Regex Match Mode

Use regex match mode to enrich data using regular expression patterns in the lookup table.

When to Use Regex Match

Use regex match mode when you need flexible pattern matching that other modes can’t provide. The lookup table contains regular expression patterns, and the processor tests each pattern against your data. This works well for:

  • Log level detection (.*ERROR.*, .*WARN.*)
  • Structured patterns (\d{4}-\d{2}-\d{2} for dates)
  • Complex string patterns with optional parts
  • Multiple variations of the same concept

Regex matching is more computationally expensive than other modes. Use simpler modes (exact, prefix, suffix, contain) when possible.

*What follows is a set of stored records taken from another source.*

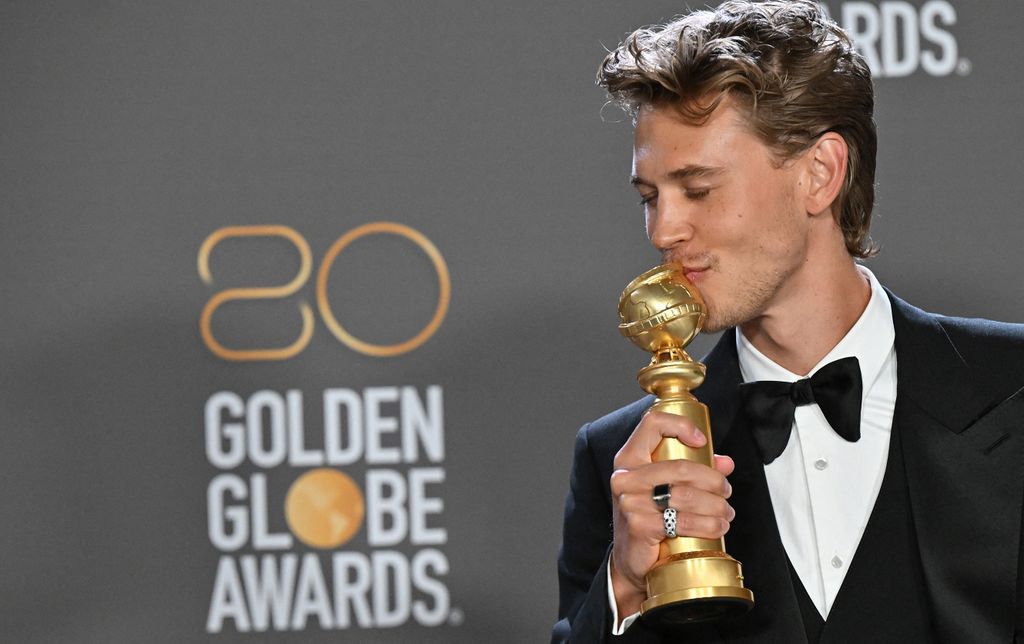 US actor Austin Butler poses with the award for Best Actor - Motion Picture - Drama for "Elvis" in the press room during the 80th annual Golden Globe Awards at The Beverly Hilton hotel in Beverly Hills, California, on January 10, 2023.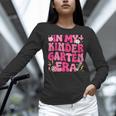 In My Kindergarten Era Girl Back To School Kinder Teacher Women Long Sleeve T-Shirt, gift for family, gift for coworker In My Kindergarten Era Girl Back To School Kinder Teacher Women Long Sleeve T-Shirt, gift for family, gift for coworker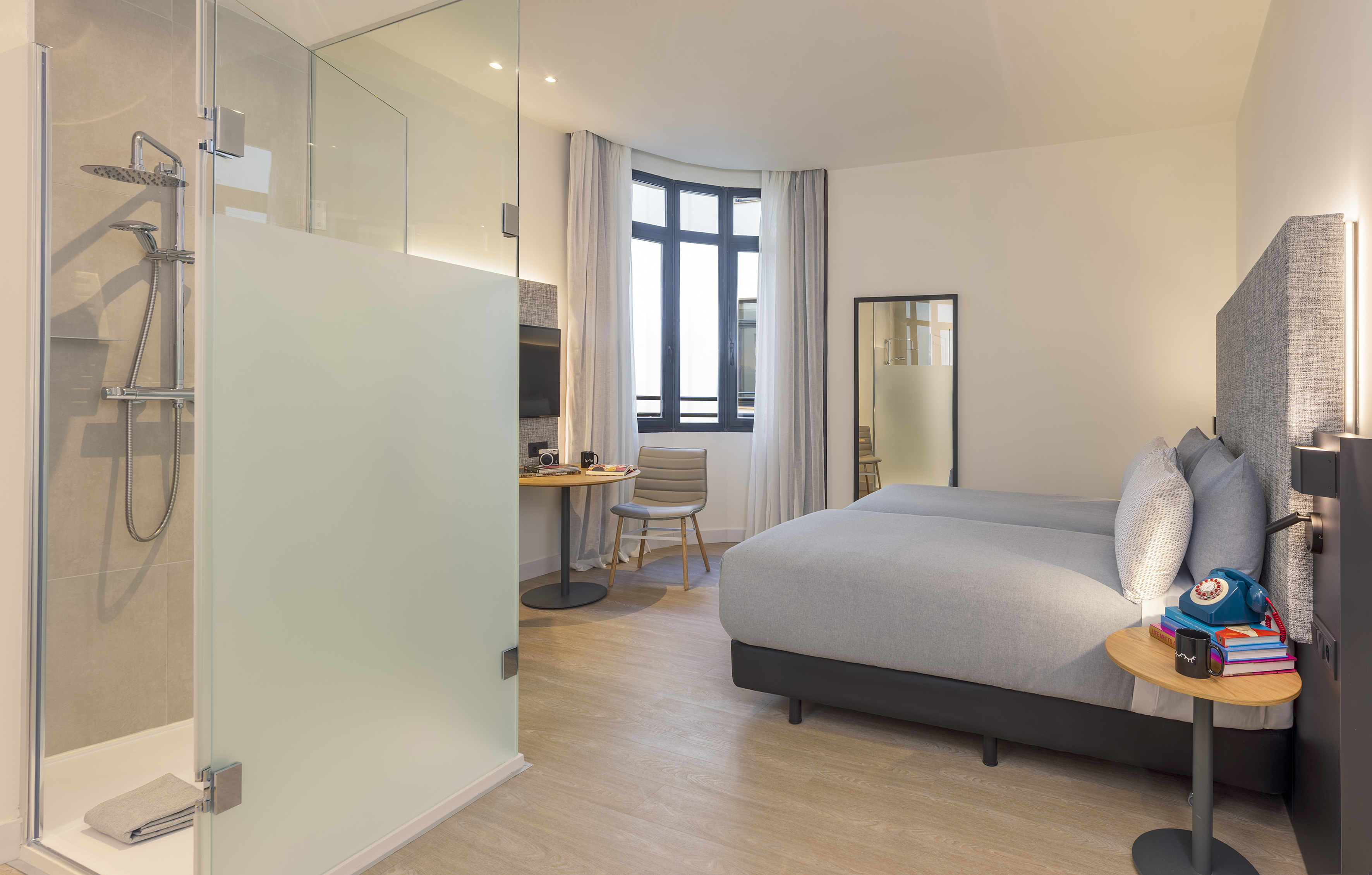 Modern hotel room with twin beds, glass shower, desk, and large window.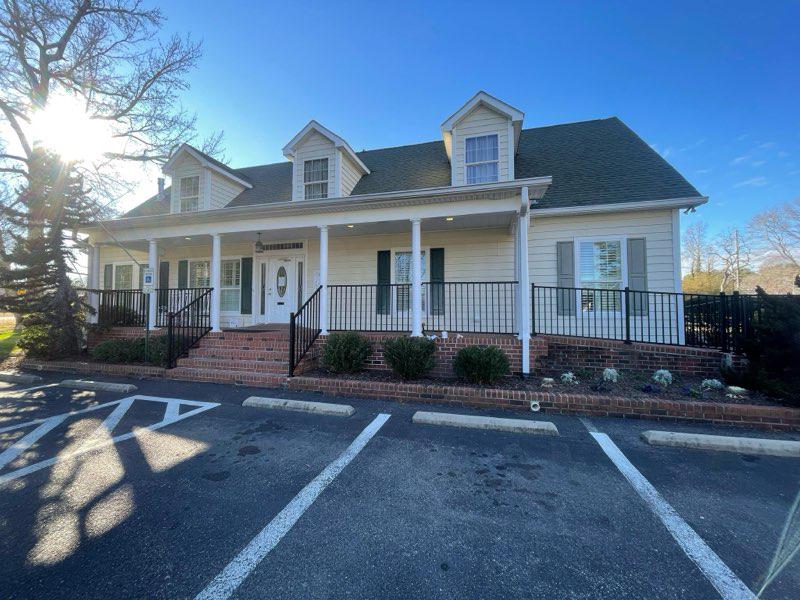 ornamental metal railing installed by top rail fence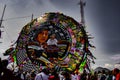 large circular-shaped kite with colors made of china paper with a woman and child painted on it, at the festival, Royalty Free Stock Photo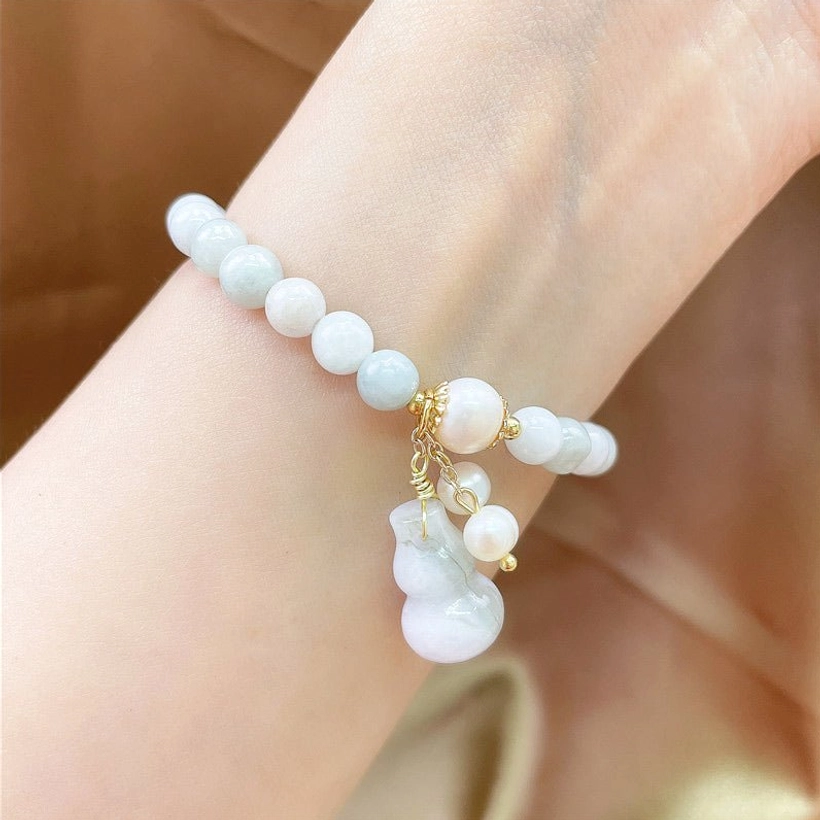 Dainty light blue jade beads with gold accents and gourd charm on arm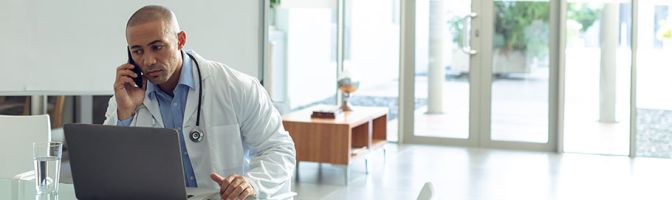 doctor talking on phone while seated in front of a labtop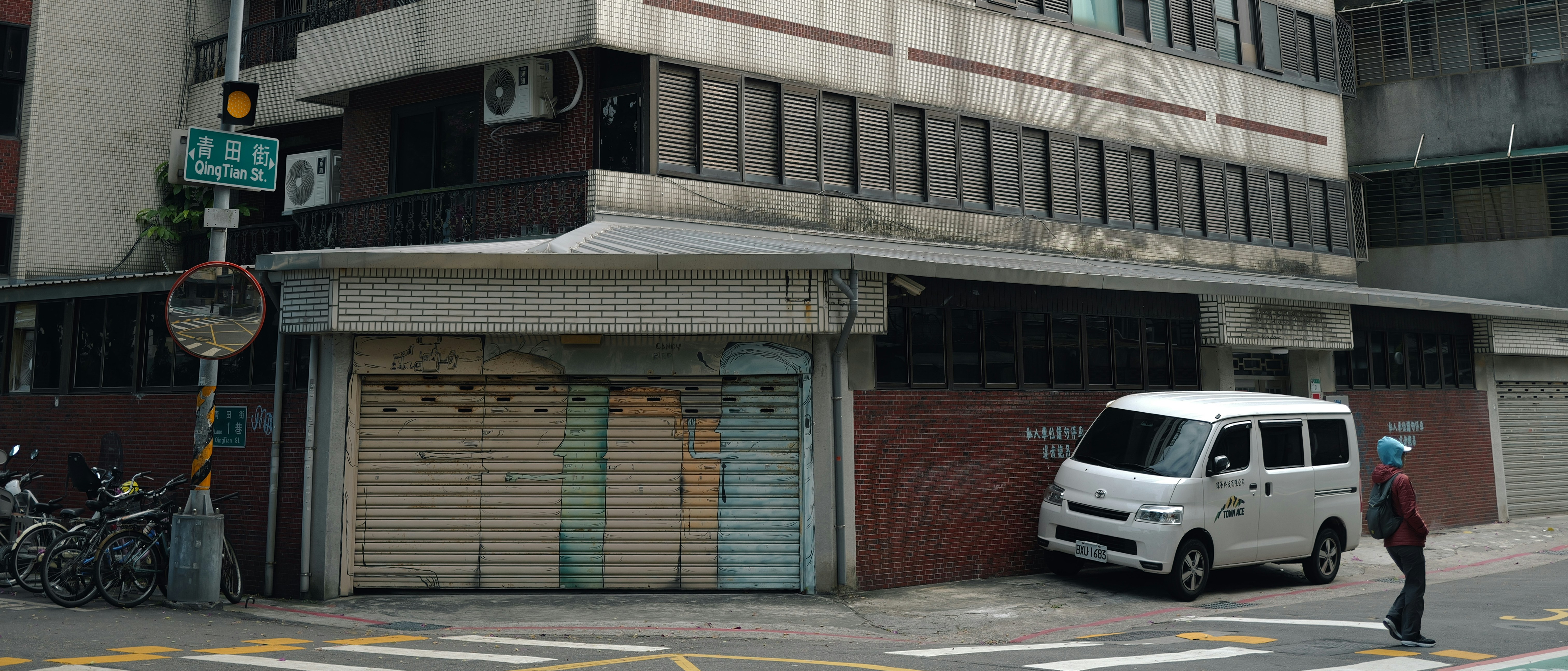 White van parked beside a building with closed shutters.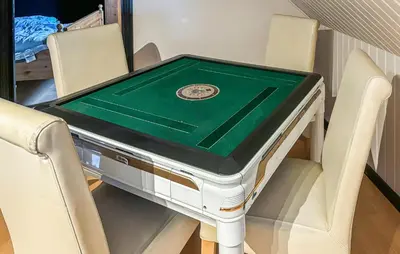 a ping pong table with chairs in a room at Awesome Home In Øster Assels With Wifi in Øster Assels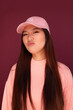 © Victor Torres/ADDICTIVE STOCK - Portrait of happy young asian woman in the studio wearing pink clothes over garnet background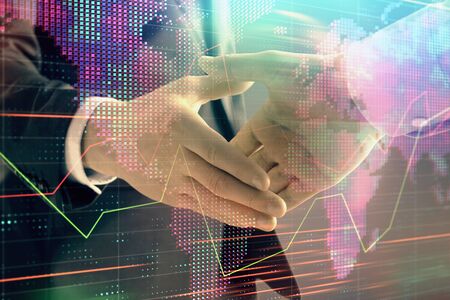 Multi exposure of forex graph and world map on abstract background with two businessmen handshake. Concept of success on international marketsの写真素材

Example: Classifying Logs by Level

Logs from different applications may format levels differently. Regex patterns can match variations like ERROR, [ERROR], level=error, etc.

Lookup Table

Upload this CSV to the Knowledge Library as log_patterns.csv:

pattern,severity,category,alert_priority
.*\bERROR\b.*,critical,error,P1
.*\bWARN(ING)?\b.*,warning,warning,P2
.*\bINFO\b.*,info,informational,P4
.*\bDEBUG\b.*,debug,debug,P5
.*Exception.*,critical,exception,P1
.*timeout.*,high,timeout,P2

The following screenshot shows the lookup table in the Knowledge Library.

Screenshot Screenshot

The \b ensures word boundaries, so ERROR matches but ERRORS in MYERRORS doesn’t.

Input Data

A log arrives with a message containing error information:

{
  "body": "2026-01-27T10:30:45.000Z ERROR Connection to database failed: timeout after 30s",
  "attributes": {}
}

Configuration

- name: regex_match_lookup
  type: sequence
  user_description: Log Pattern Classification
  processors:
  - type: lookup
    metadata: '{"id":"regex-match-lookup","type":"lookup","name":"Regex Match - Log Patterns"}'
    data_types:
    - log
    location_path: ed://log_patterns.csv
    reload_period: 1m0s
    match_mode: regex
    key_fields:
    - event_field: body
      lookup_field: pattern
    out_fields:
    - event_field: attributes["log_severity"]
      lookup_field: severity
    - event_field: attributes["log_category"]
      lookup_field: category
    - event_field: attributes["alert_priority"]
      lookup_field: alert_priority

The following screenshot shows the lookup processor configured in a pipeline.

Screenshot Screenshot

Output Data

The log matches the .*\bERROR\b.* pattern:

{
  "body": "2026-01-27T10:30:45.000Z ERROR Connection to database failed: timeout after 30s",
  "attributes": {
    "log_severity": "critical",
    "log_category": "error",
    "alert_priority": "P1"
  }
}

How Regex Matching Works

Unlike other match modes where the event field is compared to lookup values, regex mode treats the lookup field as a pattern that is tested against the event field:

Event Field ValueLookup PatternMatch?
ERROR: Connection failed.*ERROR.*Yes
2024-01-15 WARN disk full.*\bWARN(ING)?\b.*Yes
2024-01-15 WARNING disk full.*\bWARN(ING)?\b.*Yes
INFO request completed.*ERROR.*No
NullPointerException at line 42.*Exception.*Yes

Matching Multiple Patterns

By default, regex_option: first stops after the first matching pattern. To find all matching patterns, use regex_option: all with append_mode: true:

- type: lookup
  name: Multi-Pattern Classification
  match_mode: regex
  regex_option: all
  key_fields:
  - event_field: body
    lookup_field: pattern
  out_fields:
  - event_field: attributes["categories"]
    lookup_field: category
    append_mode: true

The log "ERROR Connection timeout" would match both .*ERROR.* and .*timeout.*, resulting in categories: "error,timeout".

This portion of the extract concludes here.